Hablar de Milt Kahl son palabras mayores para los fanáticos de la animación. Fue uno de los Nueve Ancianos, los dibujantes sagrados en Disney, y, de hecho, se le suele considerar el más talentoso de todos ellos. De hecho, empezó con la compañía del ratón solo seis años después que el propio Mickey, en 1934, con una pequeña secuencia animada en la película La doncella de postín y pronto pasaría a convertirse en uno de los animadores principales de Walt. Se encargó de Pinocho, Gepetto, Bambi, Tambor, Alicia, Peter Pan, Wendy, Pongo o Perdita entre cientos y cientos de personajes. Sin embargo, nadie se esperaba lo que iba a pasar en 1967, cuando se encargó de El libro de la selva.
Dos animadores, un personaje
Kaa, en el libro original de Rudyard Kipling, es una serpiente gigantesca mentora de Mowgli, con el que vive varias aventuras. Sin embargo, Walt Disney, después de leer un primer guion bastante similar a las novelas, decidió cambiar al personaje por completo convencido de que los niños no podrían verle como bueno: es más, decidió convertirla en la antagonista de la película.
La responsabilidad de animarla cayó en Frank Thomas, que también formaba parte del grupo de Nueve Ancianos y compartió varios personajes con Kahl, como Pinocho o Bambi. Sin embargo, el problema llegó cuando les tocó compartir a Kaa, porque tenían ideas diferentes sobre ella. Thomas pensaba que era “un nuevo tipo de villano, entusiasta y confiada en su anticipación del éxito”, y la dibujó tenebrosa, más similar a las serpientes reales, con los ojos separados y ansia voraz.
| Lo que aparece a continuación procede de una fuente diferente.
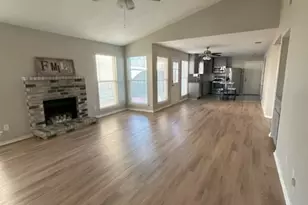 1322 Maplewood Dr, Lewisville, TX 75067 - Photo 3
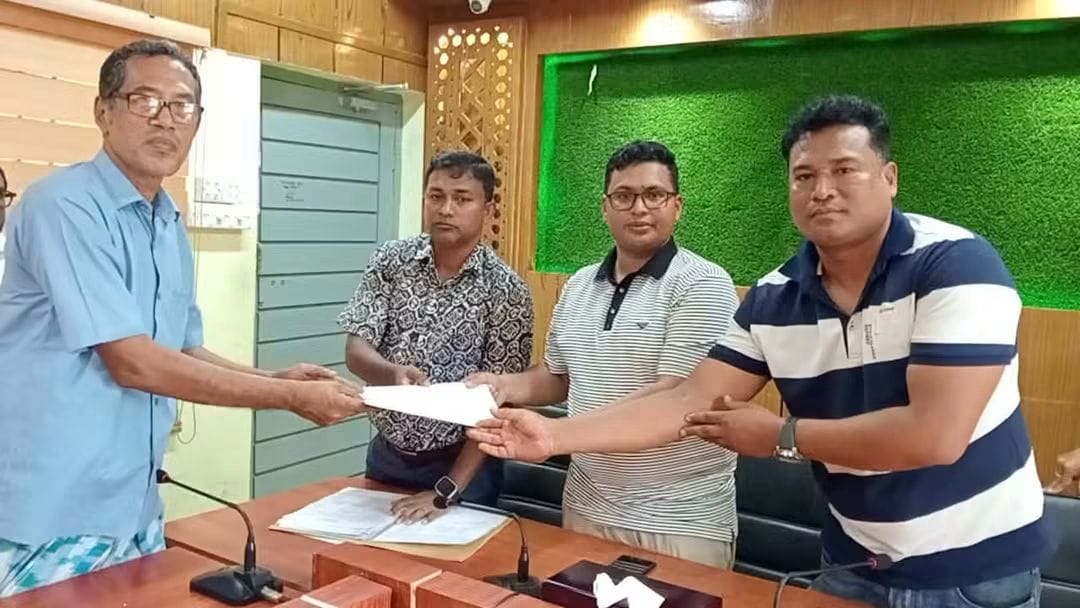 প্রবারণা পূর্ণিমা উপলক্ষে মহেশখালীর বৌদ্ধ সম্প্রদায়ের জন্য ৭ মেট্রিক টন চাল বরাদ্দ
Así:
Sin embargo, solo una secuencia después, Kahl la animó con otro estilo: ojos juntos, más dibujo animado, el que se ha quedado con nosotros a lo largo de los años. Así:
El libro de la selva fue otro gran éxito para Disney que costó 4 millones de dólares y acabaría recaudando 378 a lo largo de sus múltiples reestrenos. Además, tuvo una secuela en 2003, dos versiones en acción real e incluso una segunda parte exclusiva del formato audio, además de múltiples videojuegos. Ahora solo nos toca cantar aquello de “Oh, dubidú, quiero ser como tú”.